Supplied information:
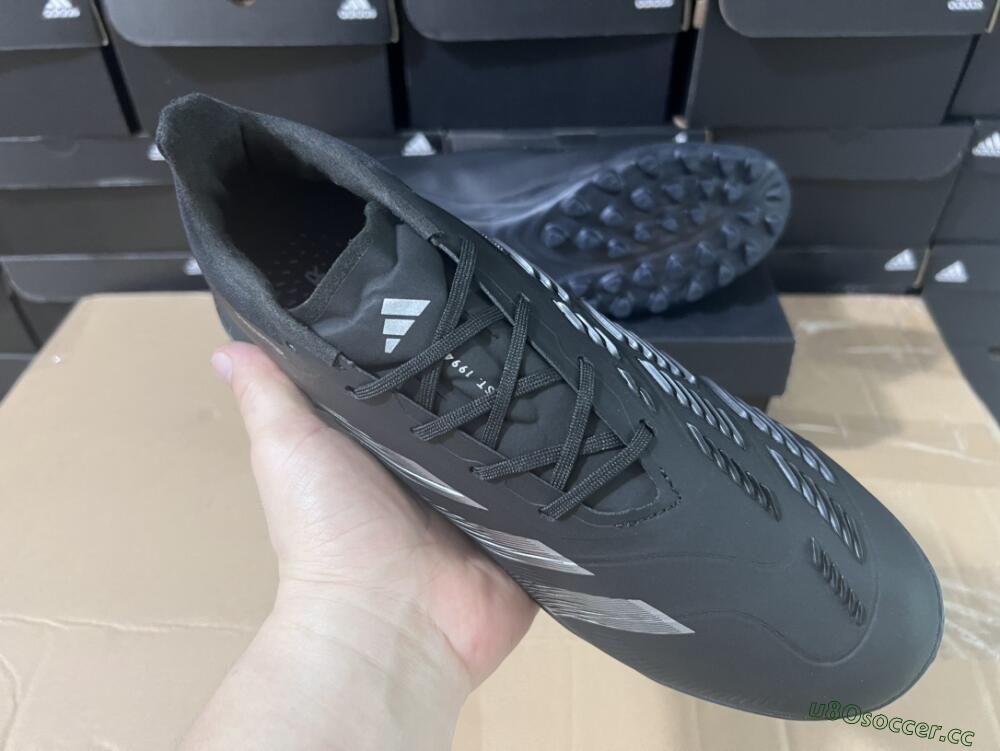 Men's Adidas Predator 24 Elite TF Artificial Turf Low-Tops Football Shoes - Black/Silver/Black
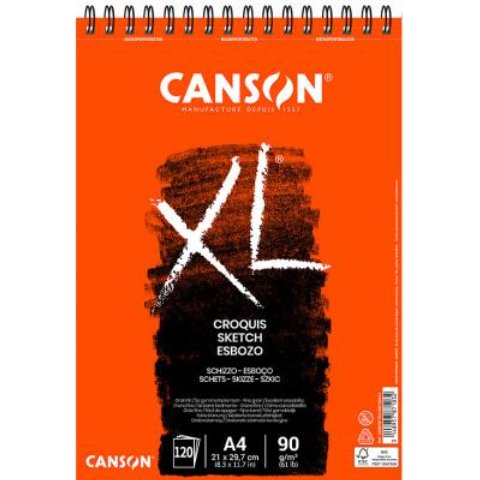 Bloc croquis canson xl spirale petit côté micro-perforations 90g a5 60f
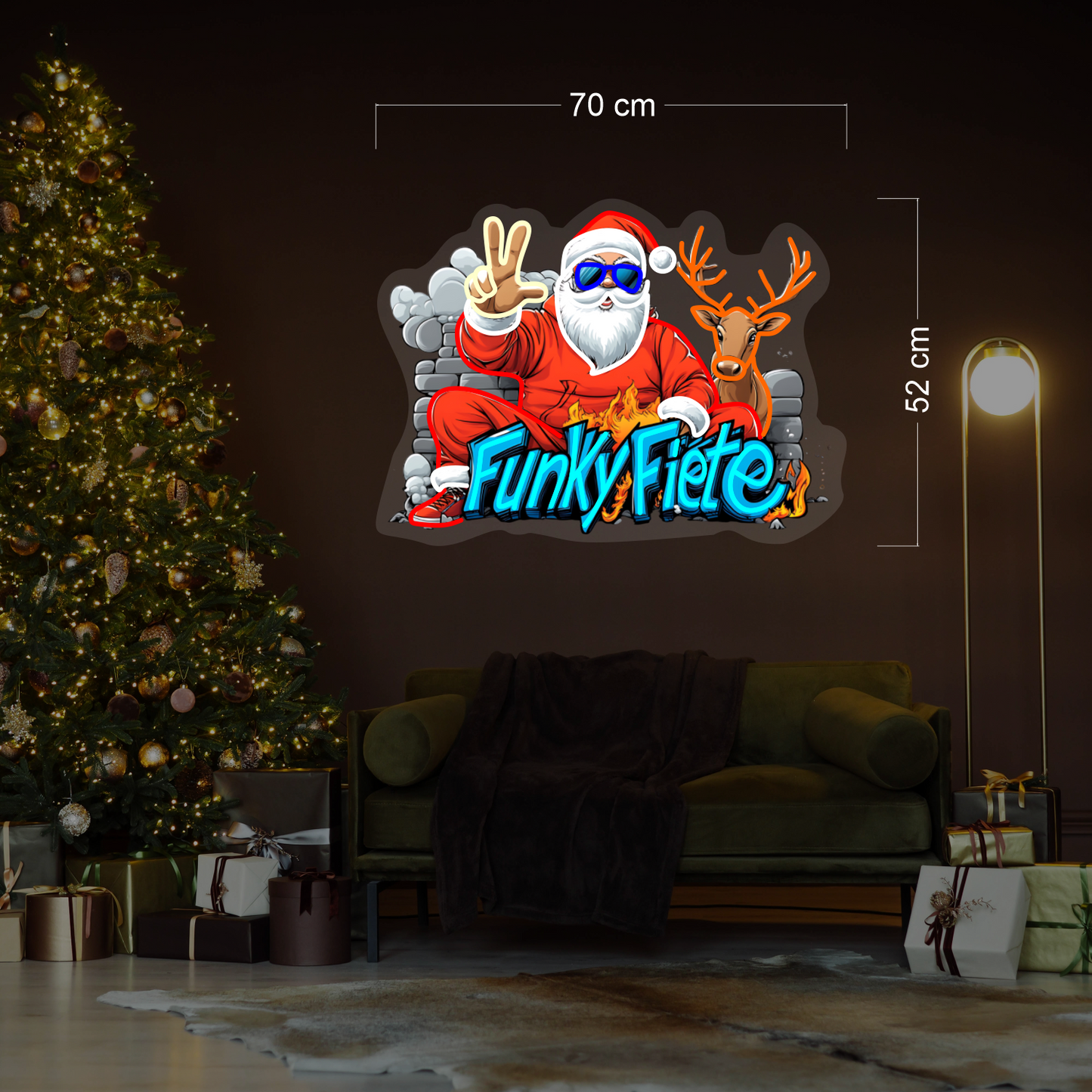 Funky Santa & Reindeer LED Neon Sign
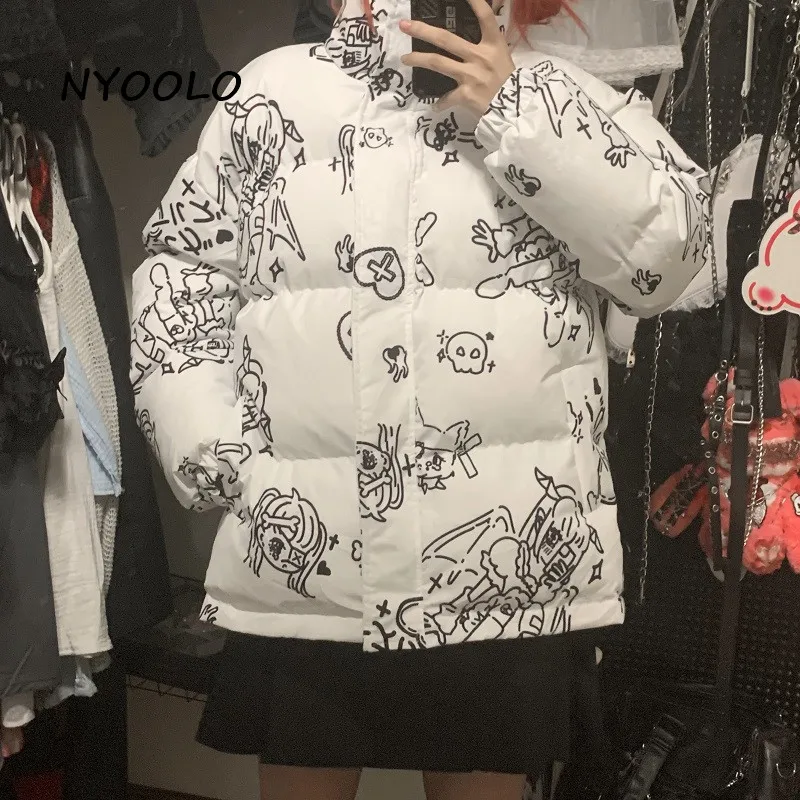 

NYOOLO Harajuku Cartoon Print Stand Collar Zipper Padded Puffer Jacket Women Clothing Winter Thick Warm Girls Oversized Coats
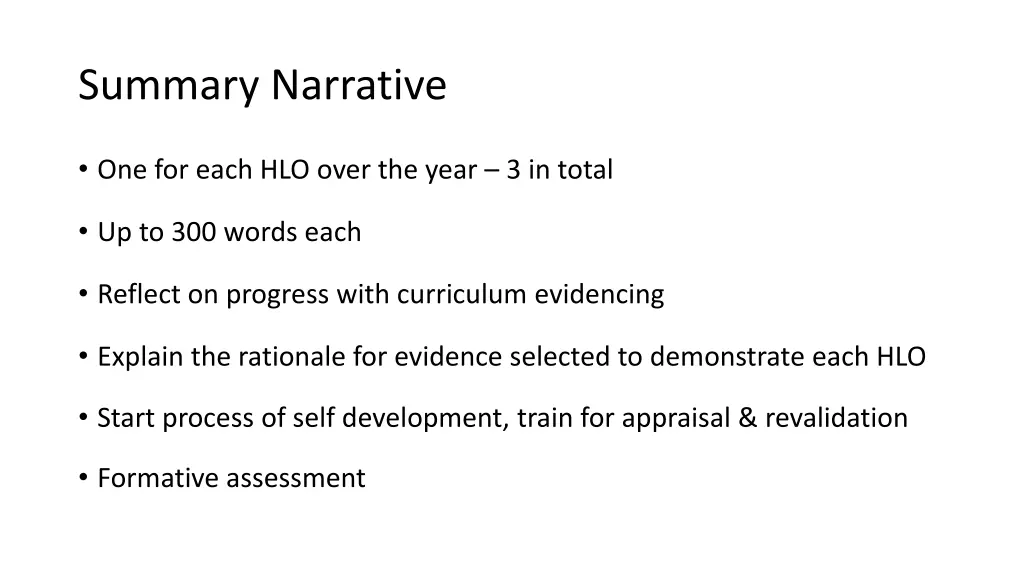 summary narrative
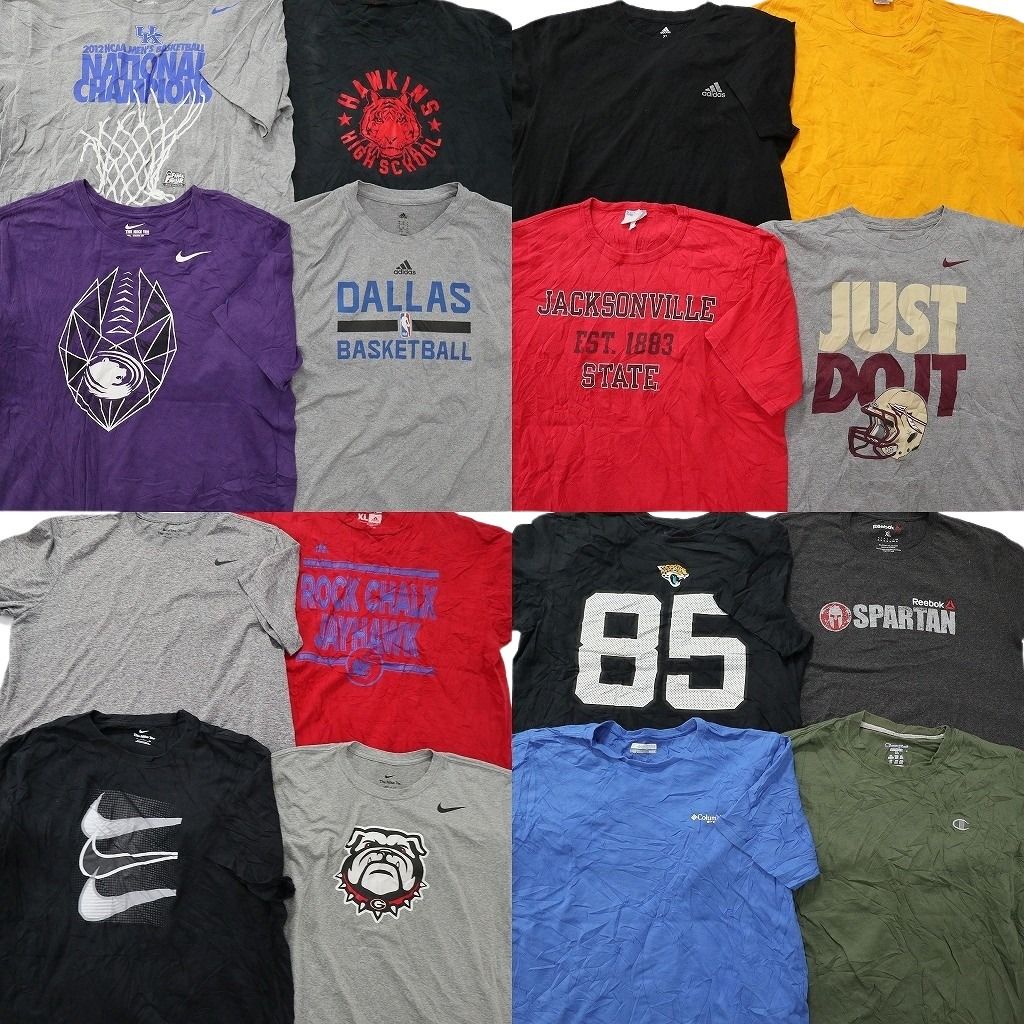 古着卸 まとめ売り ブランドMIX Tシャツ 16枚セット ( メンズ XL ) コロンビア チャンピオン ナイキ リーボック 中古 古着 NF2717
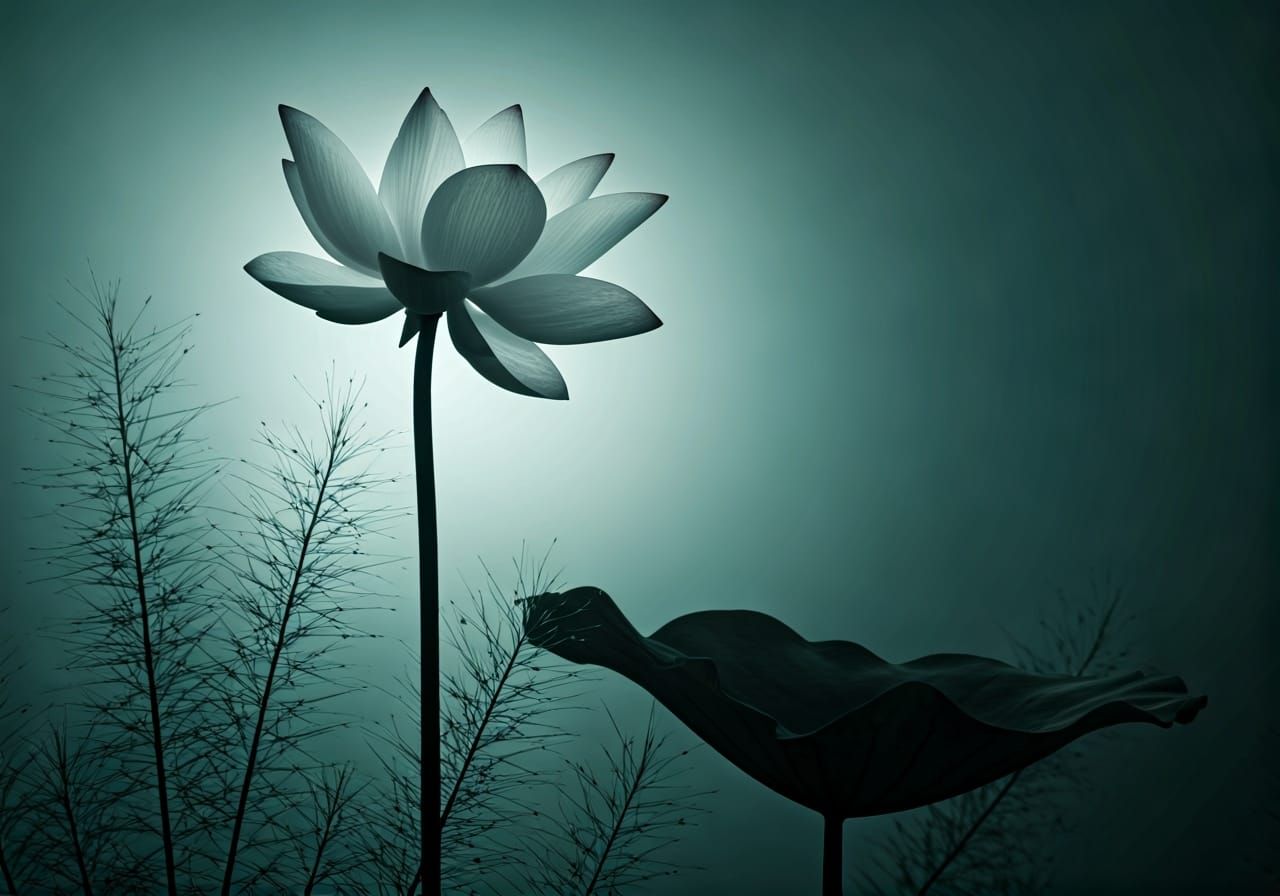 Ethereal Lotus Flower in Teal Mist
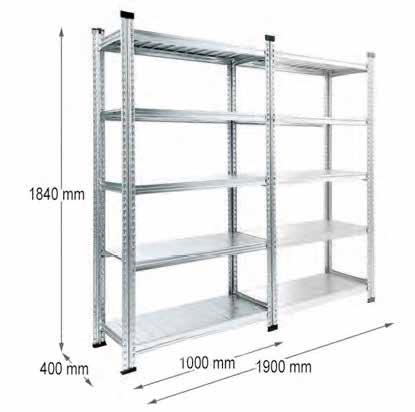 Os vãos iniciais são facilmente ampliados através de prateleiras com 900mm de comprimento e 400mm de profundidade, com intervalos de 33mm de altura.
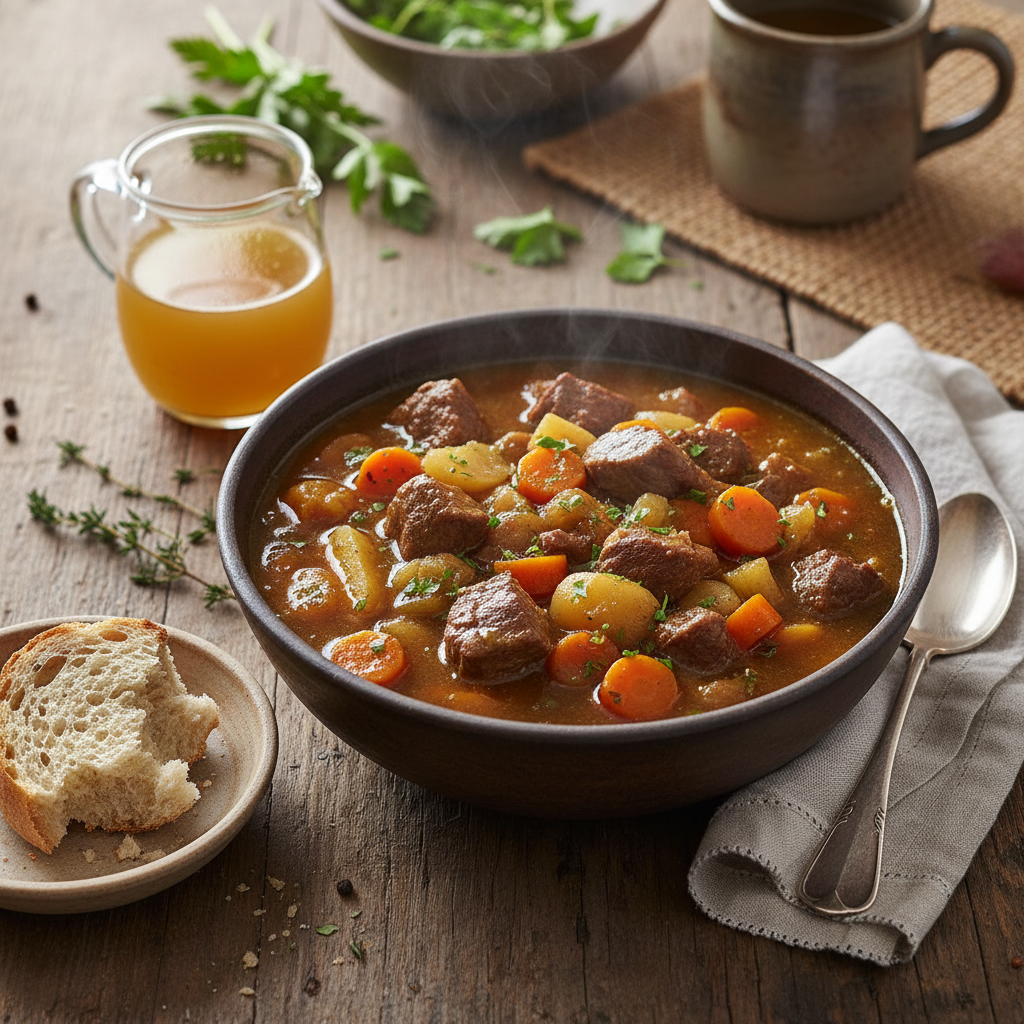 Beef and Vegetable Stew with Bone Broth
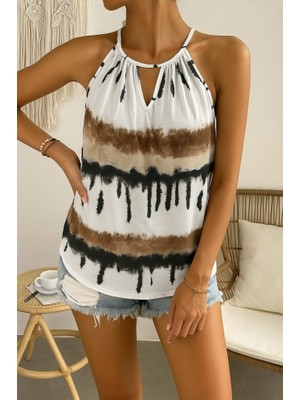 Modavera Kadın Halter Kollu Damla Detaylı Desenli Süprem Bluz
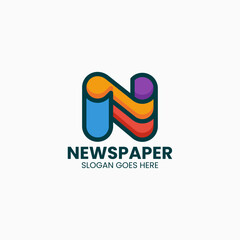 Vector Logo Illustration News Paper Letter Style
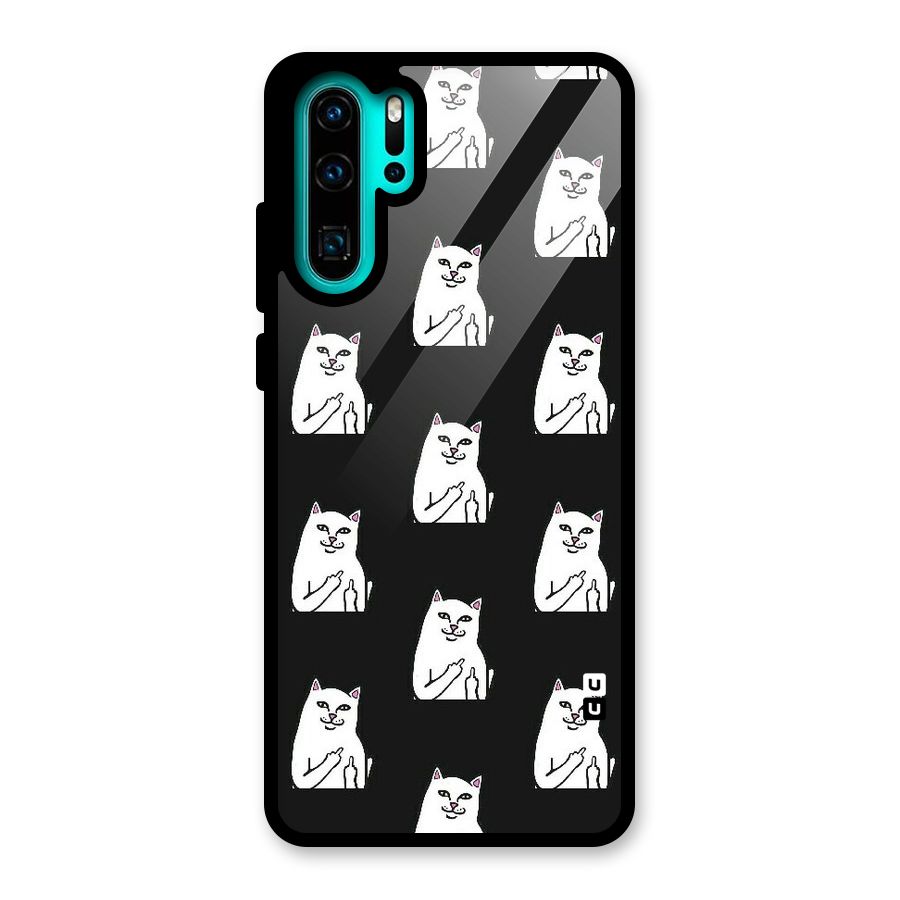 Chill Cat Pattern Glass Back Case for Huawei P30 Pro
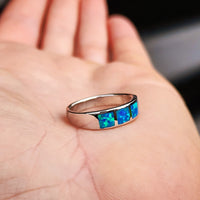 (Q) Solid 925 Sterling Silver & Created Opal 4 Setting Square Ring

Aim of the task: Transcribe exactly the lines that go from the one holding "Ethereal Lotus Flower in Teal Mist" through the last line of the entries, both included, and nothing besides them. Do not include any pictures.

Response to the task:
 Ethereal Lotus Flower in Teal Mist
 Os vãos iniciais são facilmente ampliados através de prateleiras com 900mm de comprimento e 400mm de profundidade, com intervalos de 33mm de altura.
 Beef and Vegetable Stew with Bone Broth
 Modavera Kadın Halter Kollu Damla Detaylı Desenli Süprem Bluz
 Vector Logo Illustration News Paper Letter Style
 Chill Cat Pattern Glass Back Case for Huawei P30 Pro
 (Q) Solid 925 Sterling Silver & Created Opal 4 Setting Square Ring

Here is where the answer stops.